3.2 Winding Design and Process Optimization

• Winding Selection: Due to significant skin and proximity effects under high-frequency conditions, multi-strand Litz wire or flat wire edge-winding processes are prioritized to reduce high-frequency copper loss. Note: With a high number of Litz wire strands, the 'non-ideal transposition' effect is prone to occur, requiring correction of loss models via measured data to ensure design accuracy.
  
• Thermal Management & Structural Design: Magnetic integration leads to increased heat flux density, necessitating supporting high thermal conductivity potting solutions, reasonable air gap design, and optimized thermal path layout. Simultaneously, considering the thermal expansion coefficient mismatch between ferrite and metal powder cores or nanocrystalline materials, low-stress connection processes like laser welding should be adopted, along with added structural buffer design, to prevent cracking or failure during temperature cycling.
  

IV. EMC and System Integration Technical Requirements

To address challenges brought by technological development, EMC and system integration must meet the following requirements:

• 800V Platform Adaptation: The combination of 800V high-voltage platforms and SiC devices leads to increased system voltage change rate (dv/dt) and more high-order harmonics, causing the frequency band of AC input or three-phase common mode noise to shift upward.
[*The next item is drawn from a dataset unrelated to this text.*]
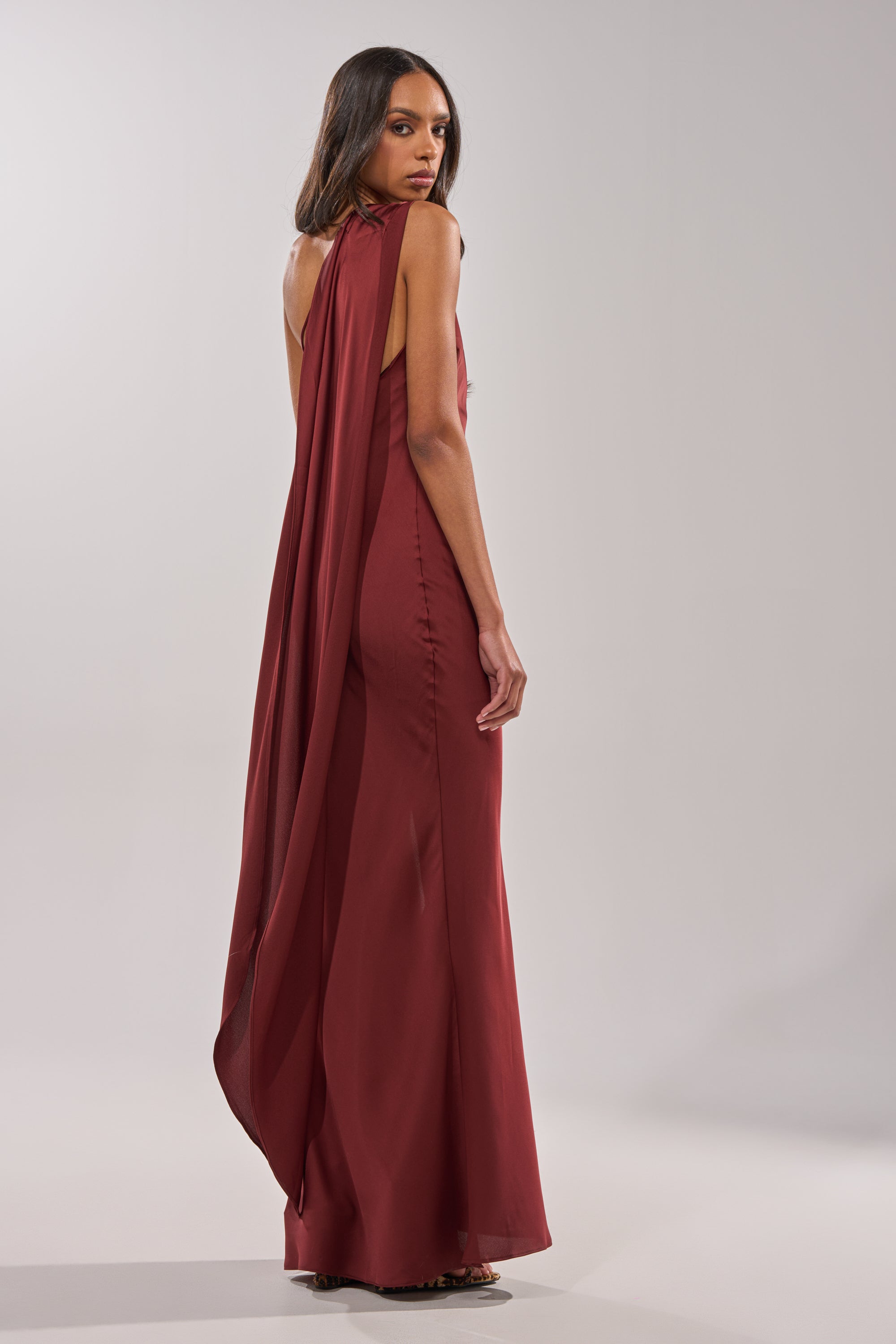 A woman poses against a plain light gray background, wearing the RSVP READY SATIN MAXI DRESS—a sleeveless, floor-length burgundy gown with a flowing cape detail draped from her shoulders. 6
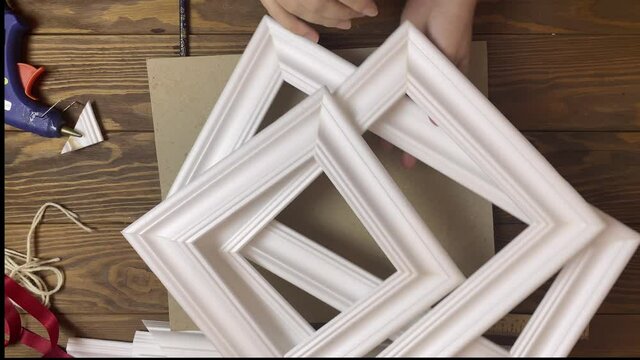 Women's hands show frames made of styrofoam of different sizes. Interior details made of moldings. Wooden table, hot glue and cardboard on background. Designer's workspace.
This requires common mode inductors to have higher impedance characteristics and better linearity across the full 9 kHz to 245 MHz frequency band. Optimizing nanocrystalline ribbon thickness and heat treatment process can significantly improve the high-frequency impedance performance and anti-saturation capability of common mode inductors.
  
• Three-Phase Operation Adaptation: OBCs with power ratings of 11 kW and above often use three-phase PFC topology. Under three-phase unbalanced current scenarios, it is necessary to suppress the saturation and temperature rise of common mode inductors by reducing the core's initial permeability or optimizing the magnetic circuit structure to ensure performance stability.
  
• Magnetic Integration Design: Magnetic integration technology can effectively reduce component count and system volume, but faces challenges such as parameter coupling, increased thermal management difficulty, higher measurement accuracy requirements, and consistency control. In resonant topologies like LLC and DAB, utilizing transformer leakage inductance to integrate the resonant inductor is the industry's mainstream technical path for reducing loss and cost, and is widely used in mass-produced products.